RC Circuits Voltage: Solving for V(out) with Loop Rule

[Dens]

Homework Statement

Relevant infor
V(out) stands for the voltage divider I believe

The Attempt at a Solution

I am just going to get the equation first.

For the first part, applying the loop rule I got

$$12 - 10^5q' - 10^7 q = 0$$ with q(0) = 0. Solving I get

$$Q = \frac{3}{25000}(1 - e^{-100t})$$

Since V = IR = q'R = q'(10⁵) I should get $$V = 12e^{-100t}$$. So the plot would be a exp curve, curving down.

For the question that follows after. The loop rule is

$$100 - q'(10^6) - q/C = 0$$. Solving, I get

$$q(t) = 100C - 100Ce^{-10^{-6}t}$$

Since V = IR = q'R = q'(10⁶) I should get $$V = 100e^{-10^{-6}t/C}$$

Now $$V_{out} = 70 = 100e^{-10^{-5}/C}$$, solving I get C = 2.8

Here is the problem, the answer is supposed to be 8.3μF. All the ODEs were solved with Maple

What did I do wrong?

 

[cepheid]

Relevant infor
V(out) stands for the voltage divider I believe

Huh? What voltage divider?

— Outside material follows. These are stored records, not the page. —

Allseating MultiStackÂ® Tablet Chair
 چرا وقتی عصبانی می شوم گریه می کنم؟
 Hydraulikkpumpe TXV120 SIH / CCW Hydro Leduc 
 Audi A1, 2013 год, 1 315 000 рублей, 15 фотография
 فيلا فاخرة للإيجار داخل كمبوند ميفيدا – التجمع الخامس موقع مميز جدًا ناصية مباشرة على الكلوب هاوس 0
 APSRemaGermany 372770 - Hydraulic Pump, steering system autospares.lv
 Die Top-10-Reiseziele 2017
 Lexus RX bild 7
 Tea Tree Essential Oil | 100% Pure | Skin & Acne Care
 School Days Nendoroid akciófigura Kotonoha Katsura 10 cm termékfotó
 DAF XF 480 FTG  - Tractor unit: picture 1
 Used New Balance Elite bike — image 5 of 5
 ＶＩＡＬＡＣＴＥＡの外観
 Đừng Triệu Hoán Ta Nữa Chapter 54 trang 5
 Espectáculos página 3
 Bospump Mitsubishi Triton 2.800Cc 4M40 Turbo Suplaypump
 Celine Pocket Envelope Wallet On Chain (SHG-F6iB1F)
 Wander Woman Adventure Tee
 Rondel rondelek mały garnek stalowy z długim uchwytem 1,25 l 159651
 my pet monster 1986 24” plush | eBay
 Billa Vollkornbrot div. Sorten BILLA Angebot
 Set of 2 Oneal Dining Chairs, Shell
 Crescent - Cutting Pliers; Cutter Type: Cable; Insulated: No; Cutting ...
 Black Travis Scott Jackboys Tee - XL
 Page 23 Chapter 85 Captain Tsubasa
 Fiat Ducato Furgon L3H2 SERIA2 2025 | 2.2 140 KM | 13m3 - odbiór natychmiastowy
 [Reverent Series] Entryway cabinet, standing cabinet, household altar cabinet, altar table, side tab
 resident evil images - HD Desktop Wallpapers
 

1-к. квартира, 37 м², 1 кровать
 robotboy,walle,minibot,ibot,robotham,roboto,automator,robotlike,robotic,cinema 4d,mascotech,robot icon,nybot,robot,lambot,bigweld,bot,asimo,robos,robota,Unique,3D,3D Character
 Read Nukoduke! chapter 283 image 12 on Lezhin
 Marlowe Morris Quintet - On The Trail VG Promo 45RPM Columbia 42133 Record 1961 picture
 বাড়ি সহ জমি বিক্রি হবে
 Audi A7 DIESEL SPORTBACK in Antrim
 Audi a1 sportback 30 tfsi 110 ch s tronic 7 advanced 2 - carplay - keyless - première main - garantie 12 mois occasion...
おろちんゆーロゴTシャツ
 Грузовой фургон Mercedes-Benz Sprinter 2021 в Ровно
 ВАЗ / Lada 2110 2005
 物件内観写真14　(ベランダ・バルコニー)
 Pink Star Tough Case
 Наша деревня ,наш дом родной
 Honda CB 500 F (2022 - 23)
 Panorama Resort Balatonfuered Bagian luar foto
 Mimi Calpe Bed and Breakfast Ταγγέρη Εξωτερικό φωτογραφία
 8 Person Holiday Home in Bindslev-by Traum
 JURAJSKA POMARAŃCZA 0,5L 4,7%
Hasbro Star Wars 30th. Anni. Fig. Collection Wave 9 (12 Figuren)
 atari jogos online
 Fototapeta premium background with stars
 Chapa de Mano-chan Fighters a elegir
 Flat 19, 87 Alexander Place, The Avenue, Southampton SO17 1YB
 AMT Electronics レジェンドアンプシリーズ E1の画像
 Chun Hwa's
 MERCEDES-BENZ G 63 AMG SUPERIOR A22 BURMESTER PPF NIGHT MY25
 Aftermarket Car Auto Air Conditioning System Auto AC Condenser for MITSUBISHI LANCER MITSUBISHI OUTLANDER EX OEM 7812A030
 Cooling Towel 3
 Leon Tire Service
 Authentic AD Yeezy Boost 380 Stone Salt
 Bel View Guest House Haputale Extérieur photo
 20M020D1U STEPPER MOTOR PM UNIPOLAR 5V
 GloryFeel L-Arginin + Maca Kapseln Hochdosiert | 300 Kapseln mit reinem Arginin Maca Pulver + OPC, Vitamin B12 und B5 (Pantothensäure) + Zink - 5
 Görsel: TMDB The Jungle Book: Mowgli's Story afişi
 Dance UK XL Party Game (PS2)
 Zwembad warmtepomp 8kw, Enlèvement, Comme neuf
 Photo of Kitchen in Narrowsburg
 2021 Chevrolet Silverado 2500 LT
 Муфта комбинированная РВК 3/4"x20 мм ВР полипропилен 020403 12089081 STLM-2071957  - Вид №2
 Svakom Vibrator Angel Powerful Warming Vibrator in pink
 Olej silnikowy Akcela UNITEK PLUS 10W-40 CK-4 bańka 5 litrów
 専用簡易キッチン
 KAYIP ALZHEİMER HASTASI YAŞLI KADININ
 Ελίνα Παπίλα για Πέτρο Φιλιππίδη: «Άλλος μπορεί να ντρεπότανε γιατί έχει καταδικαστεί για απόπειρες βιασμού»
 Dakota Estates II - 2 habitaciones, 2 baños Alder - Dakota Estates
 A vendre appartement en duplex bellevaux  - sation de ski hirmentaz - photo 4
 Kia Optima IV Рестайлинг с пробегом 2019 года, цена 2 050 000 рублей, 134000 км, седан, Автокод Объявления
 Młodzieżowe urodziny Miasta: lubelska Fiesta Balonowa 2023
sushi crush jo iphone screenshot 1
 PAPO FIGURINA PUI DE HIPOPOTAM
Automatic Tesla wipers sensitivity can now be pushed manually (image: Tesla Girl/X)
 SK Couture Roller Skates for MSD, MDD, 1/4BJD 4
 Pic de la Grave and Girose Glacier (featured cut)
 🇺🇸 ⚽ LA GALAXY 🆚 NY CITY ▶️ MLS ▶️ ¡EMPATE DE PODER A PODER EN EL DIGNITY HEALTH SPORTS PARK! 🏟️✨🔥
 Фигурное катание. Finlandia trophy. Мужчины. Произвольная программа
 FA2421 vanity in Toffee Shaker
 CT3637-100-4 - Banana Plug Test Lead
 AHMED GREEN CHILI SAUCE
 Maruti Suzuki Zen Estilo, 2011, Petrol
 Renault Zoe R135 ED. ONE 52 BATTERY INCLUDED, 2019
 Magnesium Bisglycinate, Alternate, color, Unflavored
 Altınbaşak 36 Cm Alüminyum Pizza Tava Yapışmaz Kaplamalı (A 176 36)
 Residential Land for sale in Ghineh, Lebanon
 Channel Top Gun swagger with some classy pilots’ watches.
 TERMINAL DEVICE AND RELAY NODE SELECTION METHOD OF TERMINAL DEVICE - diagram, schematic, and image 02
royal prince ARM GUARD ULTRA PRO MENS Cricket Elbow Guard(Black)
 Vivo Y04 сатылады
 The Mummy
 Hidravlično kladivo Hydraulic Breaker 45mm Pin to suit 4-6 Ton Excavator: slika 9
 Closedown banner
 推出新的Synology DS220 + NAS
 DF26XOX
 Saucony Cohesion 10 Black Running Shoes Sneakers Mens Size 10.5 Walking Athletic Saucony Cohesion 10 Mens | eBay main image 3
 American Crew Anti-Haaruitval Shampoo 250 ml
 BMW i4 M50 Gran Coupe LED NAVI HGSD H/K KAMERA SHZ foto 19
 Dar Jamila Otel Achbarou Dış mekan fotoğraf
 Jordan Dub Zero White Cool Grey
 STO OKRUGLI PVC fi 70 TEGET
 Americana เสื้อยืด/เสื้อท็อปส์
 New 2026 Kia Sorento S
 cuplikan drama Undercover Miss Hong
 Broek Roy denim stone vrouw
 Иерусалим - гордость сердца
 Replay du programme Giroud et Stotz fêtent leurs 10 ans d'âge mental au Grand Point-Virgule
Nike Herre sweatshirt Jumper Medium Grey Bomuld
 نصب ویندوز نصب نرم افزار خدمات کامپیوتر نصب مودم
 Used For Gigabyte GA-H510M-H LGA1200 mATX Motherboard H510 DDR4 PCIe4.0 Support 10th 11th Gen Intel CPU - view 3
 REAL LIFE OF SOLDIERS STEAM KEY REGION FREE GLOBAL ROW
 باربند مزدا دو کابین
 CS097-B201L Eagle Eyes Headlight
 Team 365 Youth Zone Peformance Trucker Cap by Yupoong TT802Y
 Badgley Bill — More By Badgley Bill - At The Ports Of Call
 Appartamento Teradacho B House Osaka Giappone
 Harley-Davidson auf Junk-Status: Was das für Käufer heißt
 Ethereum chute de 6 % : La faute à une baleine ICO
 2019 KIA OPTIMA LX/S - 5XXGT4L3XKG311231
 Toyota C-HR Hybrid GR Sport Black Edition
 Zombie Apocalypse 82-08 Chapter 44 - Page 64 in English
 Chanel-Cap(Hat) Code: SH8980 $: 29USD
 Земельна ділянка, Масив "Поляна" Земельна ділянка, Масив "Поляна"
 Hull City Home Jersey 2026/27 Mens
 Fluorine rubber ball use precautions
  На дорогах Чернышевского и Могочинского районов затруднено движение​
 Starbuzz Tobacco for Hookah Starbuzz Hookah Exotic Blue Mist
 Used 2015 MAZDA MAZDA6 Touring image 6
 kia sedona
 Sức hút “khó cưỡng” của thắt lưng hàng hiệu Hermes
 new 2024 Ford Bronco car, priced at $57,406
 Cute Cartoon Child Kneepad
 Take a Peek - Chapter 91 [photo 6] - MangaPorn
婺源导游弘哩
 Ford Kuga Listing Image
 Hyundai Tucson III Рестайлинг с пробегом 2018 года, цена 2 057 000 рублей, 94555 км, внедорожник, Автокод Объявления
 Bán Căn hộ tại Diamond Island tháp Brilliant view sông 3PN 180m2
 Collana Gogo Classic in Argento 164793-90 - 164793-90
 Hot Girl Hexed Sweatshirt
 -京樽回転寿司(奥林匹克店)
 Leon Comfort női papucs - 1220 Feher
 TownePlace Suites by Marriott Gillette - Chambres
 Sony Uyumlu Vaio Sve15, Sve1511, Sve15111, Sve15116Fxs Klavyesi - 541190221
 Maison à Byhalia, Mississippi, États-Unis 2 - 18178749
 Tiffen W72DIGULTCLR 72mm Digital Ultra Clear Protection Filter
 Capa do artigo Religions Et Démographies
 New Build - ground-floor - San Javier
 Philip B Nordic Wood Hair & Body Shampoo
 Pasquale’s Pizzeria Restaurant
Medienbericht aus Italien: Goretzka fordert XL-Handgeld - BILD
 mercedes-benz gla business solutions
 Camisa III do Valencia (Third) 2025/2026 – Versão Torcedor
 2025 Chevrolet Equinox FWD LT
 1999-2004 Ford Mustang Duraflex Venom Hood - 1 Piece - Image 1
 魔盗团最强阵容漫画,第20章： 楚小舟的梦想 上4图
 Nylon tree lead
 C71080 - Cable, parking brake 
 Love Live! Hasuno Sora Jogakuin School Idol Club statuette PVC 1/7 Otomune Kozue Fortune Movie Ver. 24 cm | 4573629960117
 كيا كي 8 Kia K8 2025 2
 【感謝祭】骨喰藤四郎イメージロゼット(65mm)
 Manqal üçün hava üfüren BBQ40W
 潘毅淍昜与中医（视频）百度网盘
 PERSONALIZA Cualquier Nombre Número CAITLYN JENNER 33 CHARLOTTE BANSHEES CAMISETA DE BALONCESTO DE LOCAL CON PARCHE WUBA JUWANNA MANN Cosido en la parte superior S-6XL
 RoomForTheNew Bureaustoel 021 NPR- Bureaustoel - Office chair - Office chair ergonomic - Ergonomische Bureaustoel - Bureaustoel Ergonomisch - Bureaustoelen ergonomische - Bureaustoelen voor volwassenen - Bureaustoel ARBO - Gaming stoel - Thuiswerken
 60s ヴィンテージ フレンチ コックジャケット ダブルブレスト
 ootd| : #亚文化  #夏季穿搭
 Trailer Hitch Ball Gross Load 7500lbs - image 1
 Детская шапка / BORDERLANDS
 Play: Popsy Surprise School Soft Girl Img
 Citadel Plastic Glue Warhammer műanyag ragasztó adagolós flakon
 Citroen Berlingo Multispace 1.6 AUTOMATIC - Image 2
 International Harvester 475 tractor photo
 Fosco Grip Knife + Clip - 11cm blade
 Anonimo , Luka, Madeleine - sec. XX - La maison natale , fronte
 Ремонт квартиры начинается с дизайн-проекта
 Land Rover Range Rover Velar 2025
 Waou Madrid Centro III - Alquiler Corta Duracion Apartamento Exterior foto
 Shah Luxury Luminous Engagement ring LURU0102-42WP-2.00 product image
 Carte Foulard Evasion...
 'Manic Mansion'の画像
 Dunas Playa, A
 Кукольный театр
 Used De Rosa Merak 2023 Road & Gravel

V_out is the output voltage, which is the voltage across the capacitor, in this circuit.

The Attempt at a Solution

I am just going to get the equation first.

For the first part, applying the loop rule I got

$$12 - 10^5q' - 10^7 q = 0$$ with q(0) = 0. Solving I get

$$Q = \frac{3}{25000}(1 - e^{-100t})$$

Since V = IR = q'R = q'(10⁵) I should get $$V = 12e^{-100t}$$. So the plot would be a exp curve, curving down.

You're solving for the WRONG V here. The voltage given by IR is the voltage across the resistor (let's call it V_R). You're looking for the voltage across the capacitor. To get the capacitor voltage (V_C), use the fact that q = CV_C for a capacitor. OR, use the loop rule to solve for V_C in terms of V_R and V₀. Either method should give you the same answer.

Also, whenever you get an answer to a problem, always ask yourself, "does this make any sense?" A decaying exponential for the capacitor voltage makes no sense, because after the switch closes, the capacitor is charging, not discharging.

EDIT: and you made the exact same mistake in part 2. Your equation for the capacitor voltage vs. time is just wrong.